Now that i got the okay for using furniture foam I emailed a guy who's boat I raced on this summer. He is a second generation owner of a furniture factory. He quoted me a little over $100 for two pieces of foam cut to fit. I will try to use some fleece drawstring sleeping bags to act as covering. If it works out I will be in a cushiony fleece forepeak for less than $150, which is very price appropriate for the boat. If not I will sew up some covers this winter.
|08-26-2009 01:22 PM|
|Stiche||Any standard foam will work fine in the interior. You only need closed cell foam where it will be exposed. Just keep moisture out when you're not on board. An inexpensive moisture evaporator will take care of that. I recently had all cushions on my boat replaced by foamorder DOT com. Did a great job on them. I used 4" Duraflex D44 (medium-firm) for seat bottoms, 3" for seat backs. Whether you use them or not, they've got some good information on options and what to choose. Just go through the process of ordering a custom foam cushion and it asks you all sorts of questions.|
|08-24-2009 06:18 PM|
night - that's a good idea on the sofa thing. They make this foam adhesive that I used on ours and it worked really well. You could piece together what you need from various cushions to get the right shape.
Or, you could just put the whole damn sofa down below and make your salon look like your old dorm room.
|08-24-2009 06:12 PM|
new cushions are an expensive proposition "any way you cut it"
I spent a LOT recovering mine professionally, but used the same foam. Here's an idea: find some cheap used sofas in good condition with 3 or 4 inch foam and recut the foam pieces to the size you need using an electric carving knife. Then do the recover yourself if you can. DO NOT buy a cotton material for the boat. It will absorb odors. Polyester, nylon and synthetic or combo materials are best.
|08-24-2009 05:41 PM|
If you get a closed cell foam the cushions will not absorb water. They can also be used as impromptu flotation devices.
Google FloTex Foam for a supplier. Do not know the cost in the US but it varied hugely in the UK.
|08-24-2009 05:05 PM|
jep - I just went through this whole ordeal for our C27 a few months ago. I made all new interior cushions from scratch - using 4" medium density upholstery foam (1034 was the number I think). So far they're holding up great. You just have to keep them dry from what I understand.
If I had it to do over, I would probably just order them from Catalina - or from a real sailboat upholstery shop that has the templates. I priced, through local upholstery shops, just covering the foam I'd already purchased and cut - and it was going to be several hundred more than what I could have bought the cushions for finished and ready from Catalina. The foam and labor prices will blow you away.

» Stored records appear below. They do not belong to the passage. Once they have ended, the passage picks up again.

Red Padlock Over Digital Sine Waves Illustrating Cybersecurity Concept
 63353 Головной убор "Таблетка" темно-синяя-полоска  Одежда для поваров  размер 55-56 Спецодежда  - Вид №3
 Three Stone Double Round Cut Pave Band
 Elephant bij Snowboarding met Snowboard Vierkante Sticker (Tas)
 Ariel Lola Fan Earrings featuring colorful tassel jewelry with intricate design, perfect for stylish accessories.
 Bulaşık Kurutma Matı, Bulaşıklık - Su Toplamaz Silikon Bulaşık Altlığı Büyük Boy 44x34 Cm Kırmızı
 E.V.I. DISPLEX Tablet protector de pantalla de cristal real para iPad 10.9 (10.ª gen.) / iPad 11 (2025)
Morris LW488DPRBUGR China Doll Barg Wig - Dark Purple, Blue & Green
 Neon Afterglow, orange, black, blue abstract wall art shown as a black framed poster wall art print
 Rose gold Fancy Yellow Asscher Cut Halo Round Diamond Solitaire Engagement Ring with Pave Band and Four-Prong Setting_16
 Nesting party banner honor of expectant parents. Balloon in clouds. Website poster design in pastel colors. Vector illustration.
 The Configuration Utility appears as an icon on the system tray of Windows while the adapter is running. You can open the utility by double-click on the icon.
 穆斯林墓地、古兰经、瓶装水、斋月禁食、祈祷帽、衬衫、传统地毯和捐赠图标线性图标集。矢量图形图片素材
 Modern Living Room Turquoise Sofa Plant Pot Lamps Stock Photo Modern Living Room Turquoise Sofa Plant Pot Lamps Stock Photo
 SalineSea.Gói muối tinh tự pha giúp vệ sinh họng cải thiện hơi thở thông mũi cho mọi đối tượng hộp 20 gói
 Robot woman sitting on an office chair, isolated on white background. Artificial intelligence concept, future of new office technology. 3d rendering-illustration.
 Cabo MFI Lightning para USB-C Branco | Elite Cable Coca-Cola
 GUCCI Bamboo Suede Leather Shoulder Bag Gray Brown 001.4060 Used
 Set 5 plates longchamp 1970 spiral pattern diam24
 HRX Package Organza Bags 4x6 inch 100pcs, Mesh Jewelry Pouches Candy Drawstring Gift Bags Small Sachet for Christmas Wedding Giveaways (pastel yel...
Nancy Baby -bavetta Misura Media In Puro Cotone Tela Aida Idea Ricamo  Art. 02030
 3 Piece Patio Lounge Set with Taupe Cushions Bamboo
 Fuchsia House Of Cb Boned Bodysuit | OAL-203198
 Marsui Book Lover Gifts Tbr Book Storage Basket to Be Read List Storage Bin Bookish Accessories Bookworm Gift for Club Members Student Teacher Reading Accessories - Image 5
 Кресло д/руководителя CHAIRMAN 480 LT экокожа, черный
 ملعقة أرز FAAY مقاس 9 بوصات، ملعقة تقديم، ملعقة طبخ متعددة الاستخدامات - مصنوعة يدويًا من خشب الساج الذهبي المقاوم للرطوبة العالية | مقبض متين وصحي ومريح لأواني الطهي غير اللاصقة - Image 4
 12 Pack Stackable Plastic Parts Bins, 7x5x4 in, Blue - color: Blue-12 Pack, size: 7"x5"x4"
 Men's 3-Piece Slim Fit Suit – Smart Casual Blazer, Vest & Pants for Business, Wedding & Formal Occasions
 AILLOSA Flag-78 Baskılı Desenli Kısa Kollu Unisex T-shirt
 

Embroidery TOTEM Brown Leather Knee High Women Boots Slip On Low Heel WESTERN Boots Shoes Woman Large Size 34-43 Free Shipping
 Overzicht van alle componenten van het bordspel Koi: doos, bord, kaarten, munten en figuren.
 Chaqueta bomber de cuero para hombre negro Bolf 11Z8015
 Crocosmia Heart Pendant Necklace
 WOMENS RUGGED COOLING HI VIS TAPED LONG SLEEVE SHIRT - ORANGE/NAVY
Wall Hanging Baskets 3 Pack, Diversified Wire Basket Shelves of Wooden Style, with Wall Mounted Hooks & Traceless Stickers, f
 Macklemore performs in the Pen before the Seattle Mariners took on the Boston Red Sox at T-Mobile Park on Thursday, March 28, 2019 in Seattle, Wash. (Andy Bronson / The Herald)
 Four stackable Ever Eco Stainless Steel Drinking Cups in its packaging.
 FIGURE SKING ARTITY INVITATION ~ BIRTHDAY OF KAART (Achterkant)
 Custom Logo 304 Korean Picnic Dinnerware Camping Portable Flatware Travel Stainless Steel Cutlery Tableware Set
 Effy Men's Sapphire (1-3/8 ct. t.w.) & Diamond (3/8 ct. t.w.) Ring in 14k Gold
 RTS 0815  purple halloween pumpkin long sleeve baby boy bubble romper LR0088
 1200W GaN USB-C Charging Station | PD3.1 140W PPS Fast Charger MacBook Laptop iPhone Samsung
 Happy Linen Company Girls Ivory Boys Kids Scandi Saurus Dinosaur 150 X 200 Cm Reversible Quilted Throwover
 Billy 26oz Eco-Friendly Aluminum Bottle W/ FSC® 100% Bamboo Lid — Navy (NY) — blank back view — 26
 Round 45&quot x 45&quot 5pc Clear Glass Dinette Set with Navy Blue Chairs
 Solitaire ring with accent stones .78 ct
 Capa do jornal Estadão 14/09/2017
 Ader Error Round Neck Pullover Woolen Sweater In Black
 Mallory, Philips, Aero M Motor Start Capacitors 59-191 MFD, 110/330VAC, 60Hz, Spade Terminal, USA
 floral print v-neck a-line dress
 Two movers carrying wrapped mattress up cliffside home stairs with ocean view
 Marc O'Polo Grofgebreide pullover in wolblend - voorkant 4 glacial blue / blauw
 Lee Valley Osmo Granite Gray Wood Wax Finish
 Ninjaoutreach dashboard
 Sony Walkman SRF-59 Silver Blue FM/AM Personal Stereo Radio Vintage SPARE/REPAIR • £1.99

So, in the end, I probably saved 5 or 6 hundred bucks...but man was it a lot of work!
PS - Casio is right about the higher density being better and more expensive.
|08-24-2009 04:47 PM|
Originally Posted by jephotog View Post
|08-24-2009 04:04 PM|
Which foam for interior cushions?
My boat came without any cushions. While I know sail-rite can provide me with the proper type of foam, it would brake the budget, and actually double the cost of the boat, its a Potter 14. I have found a number of foam for furniture suppliers locally, is there a foam that would be okay in a marine environment? The foam can be dried out every night in the house if need be.